__Problem to work on__
The answer should match the entries that follow exactly, except that no image appears in it.

** Dataset records follows **

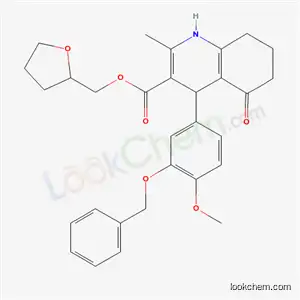 Molecular Structure of 5804-29-5 (tetrahydrofuran-2-ylmethyl 4-[3-(benzyloxy)-4-methoxyphenyl]-2-methyl-5-oxo-1,4,5,6,7,8-hexahydroquinoline-3-carboxylate)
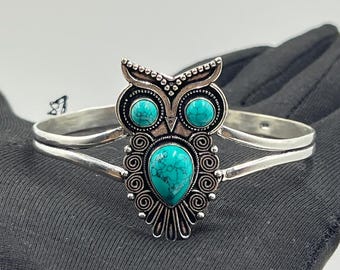 Turquoise Owl Bangle 925 Sterling Silver, Handmade Cuff Bracelet, Blue Gemstone Boho Jewelry, Vintage Style Statement Bracelet Gift for Her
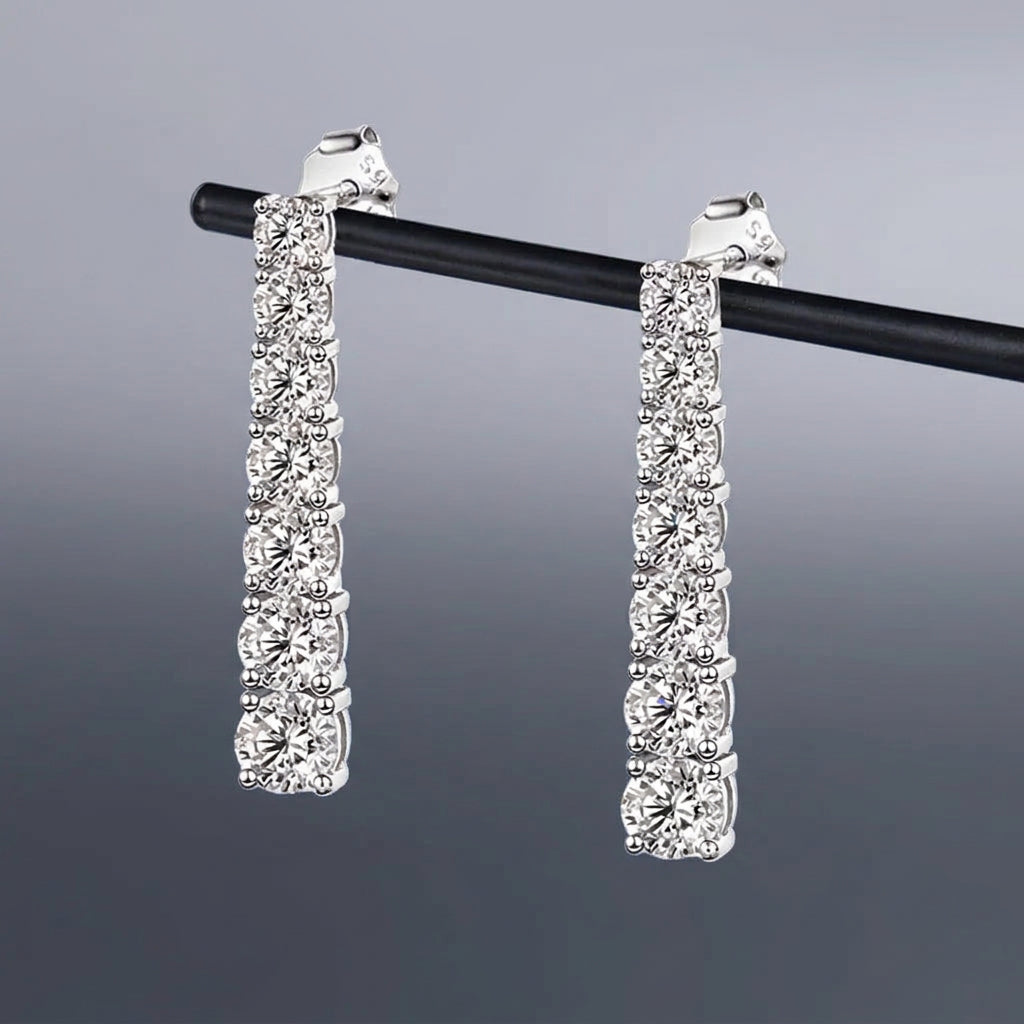 2.82CT Moissanite Drop Earrings – 18K White Gold Plated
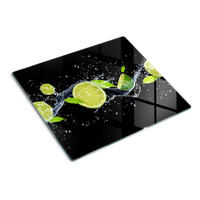 GLASPLATTE 60x52 cm Limetten und Wasser - Grün, Glas (60/0.4/52cm) - TULUP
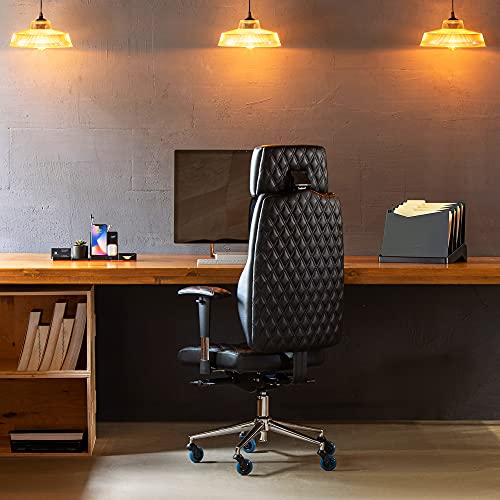 Stealtho Locking Caster Wheels set of 5-2 Wheels with Brakes - Heavy Duty Office Chair Casters for Furniture - Replacement Industrial Wheels for Cart - Roller Blade Rubber Casters Navy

** End of Dataset records **

__Output for this task__
 Molecular Structure of 5804-29-5 (tetrahydrofuran-2-ylmethyl 4-[3-(benzyloxy)-4-methoxyphenyl]-2-methyl-5-oxo-1,4,5,6,7,8-hexahydroquinoline-3-carboxylate)
 Turquoise Owl Bangle 925 Sterling Silver, Handmade Cuff Bracelet, Blue Gemstone Boho Jewelry, Vintage Style Statement Bracelet Gift for Her
 2.82CT Moissanite Drop Earrings – 18K White Gold Plated
 GLASPLATTE 60x52 cm Limetten und Wasser - Grün, Glas (60/0.4/52cm) - TULUP
 Stealtho Locking Caster Wheels set of 5-2 Wheels with Brakes - Heavy Duty Office Chair Casters for Furniture - Replacement Industrial Wheels for Cart - Roller Blade Rubber Casters Navy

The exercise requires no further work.